The more disparate nature of financial services in this era, certainly since the big bang in 1986, means that the City can no longer be said to speak with a single voice. In any event, my duty is to the residential population—the 6,000 residents within the square mile of the City of London. None the less, it is a great honour to be able to say a few words tonight on the Finance Bill as it affects the financial services and the business community.
My own record is as a small business man and I probably express the view of many who have a background in business in lamenting the detachment between the business and political classes—something that has been mentioned many times in recent years. I wish to speak briefly on two main aspects—enterprise and globalisation. It has been a much-vaunted if somewhat overspun goal of this Government to promote enterprise. Those words were used by the Chancellor of the Exchequer, and by the Chief Secretary earlier this afternoon.

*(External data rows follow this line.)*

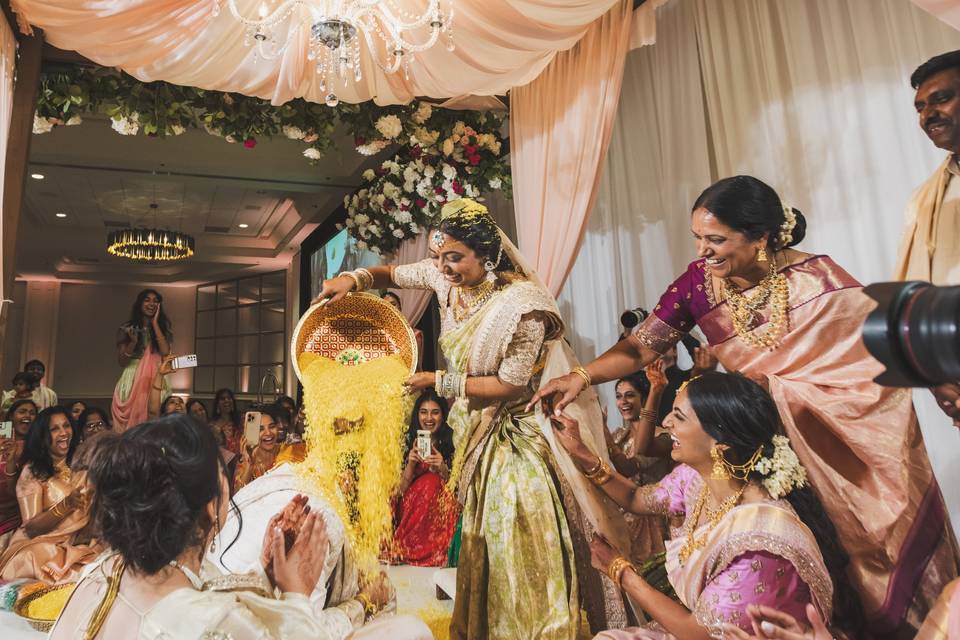 Wedding Ceremony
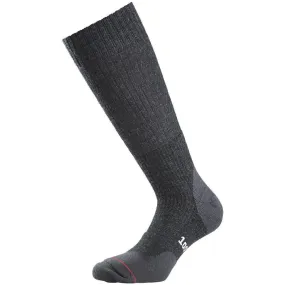 1000 Mile Fusion Womens Walking Socks - Grey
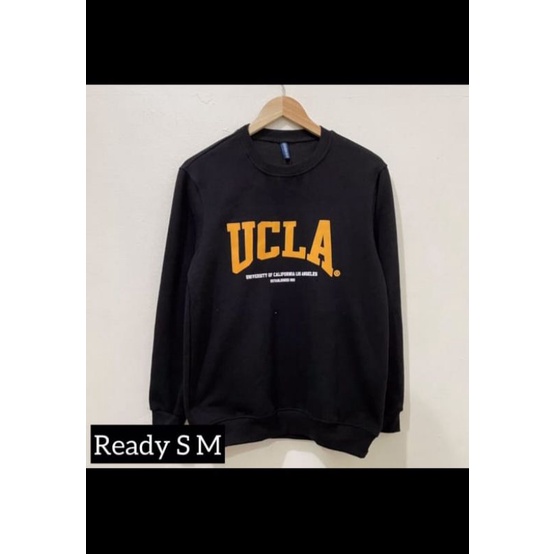 UCLA Hoodie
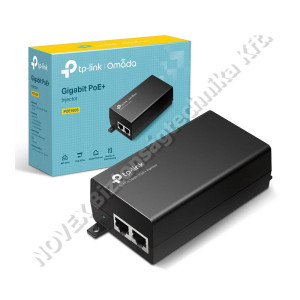 KIEGÉSZÍTŐ - TPLink - TL-POE160S ADAPTER PoE Injector adapter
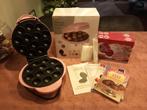 Cakepop maker, Ophalen of Verzenden, Nieuw, Cupcakes, Bakvorm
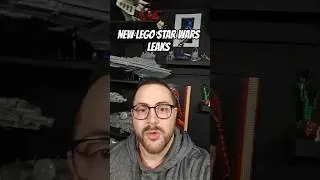 New lego leaks. New lego star wars leaks for may #lego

I serve on the Standing Committee considering the Enterprise Bill, which is why I could not be here throughout today's debate, for which I apologise. That legislation is flawed in its rather overbearing regulation on merger controls and cartels, as well as in its somewhat simplistic analysis of the reform of insolvency law.
The Chancellor's instincts, as manifested in the sheer size of the Finance Bill, are all too often to complicate and meddle in taxation. As my hon. Friend Mr. Bercow made clear, the Bill is 488 pages long with 140 clauses and 39 schedules. It is a Budget for the most enterprising among the accountancy profession, but perhaps not for many more.
It would be unfair and churlish not to recognise that the Budget contained a number of positive changes, which manifest themselves in the Finance Bill. I support the cut in capital gains tax, from which I have benefited, having sold a business within a few months of entering the House. I also support many of the venture capital trust changes, which allow a merger and wind-up without losing the tax benefits. My hon. Friend Mr. Flight has become something of an expert on that issue, and I am sure he will refer to it in his comments later. Rob Marris rightly identified the credits that will be available for research and development, which are also to be supported.
Equally, there has been a downside for British business. All in all, we have had a tax-raising Budget and those taxes have been on jobs, making people more expensive to employ, with an attack on the oil industry and on foreign companies. I appreciate that the debate on national insurance contributions will take place at greater length tomorrow, but surely it would have been far better to have scrapped employers' national insurance and to have increased corporation tax rates. That would have simplified matters for companies, cut the compliance bill and encouraged employers to employ people.